(RECORDS FOR THE TASK)

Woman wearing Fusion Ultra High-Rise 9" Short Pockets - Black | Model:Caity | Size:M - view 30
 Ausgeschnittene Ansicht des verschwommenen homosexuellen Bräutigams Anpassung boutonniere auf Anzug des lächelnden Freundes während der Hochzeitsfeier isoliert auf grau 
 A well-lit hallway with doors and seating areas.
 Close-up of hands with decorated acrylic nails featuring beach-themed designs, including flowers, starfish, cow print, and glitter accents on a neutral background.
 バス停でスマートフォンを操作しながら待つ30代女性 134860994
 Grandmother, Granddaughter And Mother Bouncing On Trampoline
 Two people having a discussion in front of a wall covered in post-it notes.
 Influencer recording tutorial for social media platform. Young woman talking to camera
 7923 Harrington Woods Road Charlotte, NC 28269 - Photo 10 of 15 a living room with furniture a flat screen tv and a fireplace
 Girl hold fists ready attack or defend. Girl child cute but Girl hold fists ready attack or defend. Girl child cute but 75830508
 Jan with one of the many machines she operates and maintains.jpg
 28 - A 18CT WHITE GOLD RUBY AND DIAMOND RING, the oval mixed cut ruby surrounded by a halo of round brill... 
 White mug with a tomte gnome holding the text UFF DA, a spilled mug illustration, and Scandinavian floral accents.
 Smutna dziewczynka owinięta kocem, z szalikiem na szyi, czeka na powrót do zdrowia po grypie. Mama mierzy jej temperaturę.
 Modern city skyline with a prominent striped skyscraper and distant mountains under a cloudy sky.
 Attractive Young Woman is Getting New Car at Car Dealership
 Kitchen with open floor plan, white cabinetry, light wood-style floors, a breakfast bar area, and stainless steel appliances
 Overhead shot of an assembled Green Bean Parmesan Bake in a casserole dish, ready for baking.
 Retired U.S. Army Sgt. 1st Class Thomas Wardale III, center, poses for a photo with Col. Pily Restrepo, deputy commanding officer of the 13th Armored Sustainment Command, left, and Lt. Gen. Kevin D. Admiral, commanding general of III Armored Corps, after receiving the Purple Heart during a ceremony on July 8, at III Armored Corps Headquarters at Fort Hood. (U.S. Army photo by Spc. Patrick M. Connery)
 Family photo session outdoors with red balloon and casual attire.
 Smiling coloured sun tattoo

(End RECORDS FOR THE TASK)

— EXERCISE —
From the first line to the last, give the data again exactly.

— RESULT OF THIS EXERCISE —
Woman wearing Fusion Ultra High-Rise 9" Short Pockets - Black | Model:Caity | Size:M - view 30
 Ausgeschnittene Ansicht des verschwommenen homosexuellen Bräutigams Anpassung boutonniere auf Anzug des lächelnden Freundes während der Hochzeitsfeier isoliert auf grau 
 A well-lit hallway with doors and seating areas.
 Close-up of hands with decorated acrylic nails featuring beach-themed designs, including flowers, starfish, cow print, and glitter accents on a neutral background.
 バス停でスマートフォンを操作しながら待つ30代女性 134860994
 Grandmother, Granddaughter And Mother Bouncing On Trampoline
 Two people having a discussion in front of a wall covered in post-it notes.
 Influencer recording tutorial for social media platform. Young woman talking to camera
 7923 Harrington Woods Road Charlotte, NC 28269 - Photo 10 of 15 a living room with furniture a flat screen tv and a fireplace
 Girl hold fists ready attack or defend. Girl child cute but Girl hold fists ready attack or defend. Girl child cute but 75830508
 Jan with one of the many machines she operates and maintains.jpg
 28 - A 18CT WHITE GOLD RUBY AND DIAMOND RING, the oval mixed cut ruby surrounded by a halo of round brill... 
 White mug with a tomte gnome holding the text UFF DA, a spilled mug illustration, and Scandinavian floral accents.
 Smutna dziewczynka owinięta kocem, z szalikiem na szyi, czeka na powrót do zdrowia po grypie. Mama mierzy jej temperaturę.
 Modern city skyline with a prominent striped skyscraper and distant mountains under a cloudy sky.
 Attractive Young Woman is Getting New Car at Car Dealership
 Kitchen with open floor plan, white cabinetry, light wood-style floors, a breakfast bar area, and stainless steel appliances
 Overhead shot of an assembled Green Bean Parmesan Bake in a casserole dish, ready for baking.
 Retired U.S. Army Sgt. 1st Class Thomas Wardale III, center, poses for a photo with Col. Pily Restrepo, deputy commanding officer of the 13th Armored Sustainment Command, left, and Lt. Gen. Kevin D. Admiral, commanding general of III Armored Corps, after receiving the Purple Heart during a ceremony on July 8, at III Armored Corps Headquarters at Fort Hood. (U.S. Army photo by Spc. Patrick M. Connery)
 Family photo session outdoors with red balloon and casual attire.
 Smiling coloured sun tattoo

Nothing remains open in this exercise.